“Active management is particularly well-suited for advised portfolios because advisors can ensure expectations are managed appropriately, allocations are consistent with risk tolerance, and clients are supported and coached through periods of underperformance,” said Jon Cleborne, head of Vanguard Personal Advisor Services, in a statement.
“The funds, managed by top-tier portfolio managers, will enable more personalized portfolio construction and provide the potential to drive improved client outcomes over the long term,” said Matt Benchener, managing director of Vanguard Retail Investor Group, in a statement.
Here’s a lowdown on the three funds:
- Vanguard Advice Select Dividend Growth Fund will focus on financially sound, large-cap companies across a diverse range of sectors that have prospects for long-term total returns due to their ability to grow earnings and willingness to increase dividends over time. The fund is a more concentrated version of the strategy used in the Vanguard Dividend Growth Fund and will be managed by Wellington Management Co. LLP with an estimated expense ratio of 0.45%.
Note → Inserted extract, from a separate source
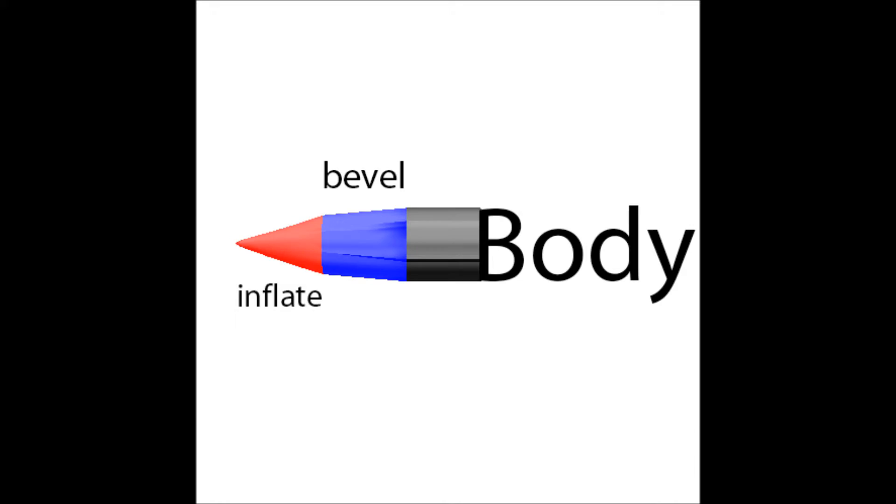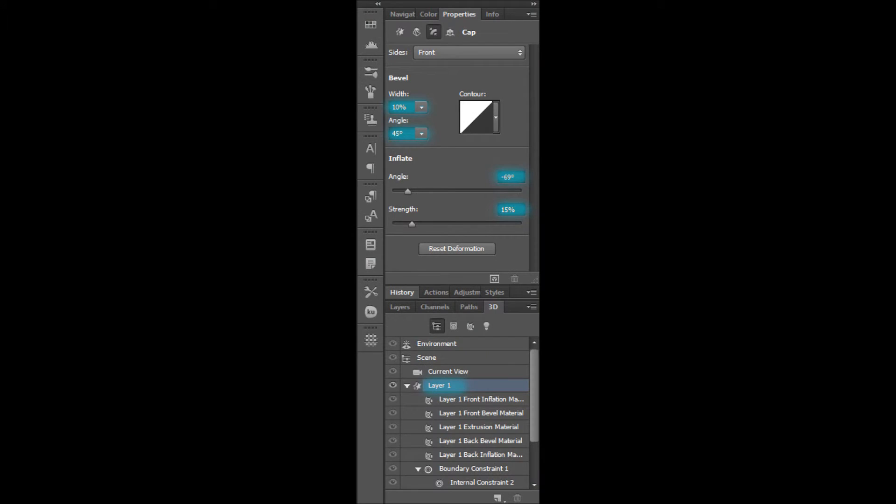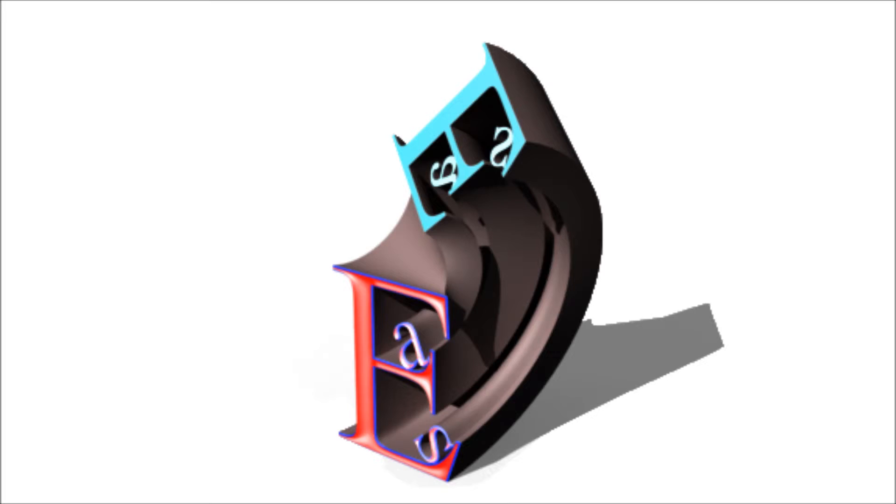So experiment these on your object using these icons, but this object goes well with 10%, 45 degrees, minus 69 degrees, 15%. So it will look something like this.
- Vanguard Advice Select Global Value Fund will invest in discounted companies that are avoided or overlooked by the market. It is an all-cap global fund also managed by Wellington Management, with an estimated expense ratio of 0.40%.
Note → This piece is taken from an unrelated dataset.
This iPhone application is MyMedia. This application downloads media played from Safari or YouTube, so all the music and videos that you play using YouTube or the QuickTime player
- Vanguard Advice Select International Growth Fund will use a bottom-up equity strategy, analyzing the fundamentals of individual companies rather than broad sectors or industries, to focus on exceptional international growth companies. The fund will be managed by Baillie Gifford Overseas Ltd., as a more concentrated version of the strategy used in the Vanguard International Growth Fund. Its estimated expense ratio is 0.42%.
All three funds have expense ratios that are one-third to one-half the average expense ratio of similar actively managed equity funds, according to Vanguard.
As of June 30, Vanguard Personal Advisor Services had $243 billion in assets. Its parent company had $8 trillion in global assets as of July 31.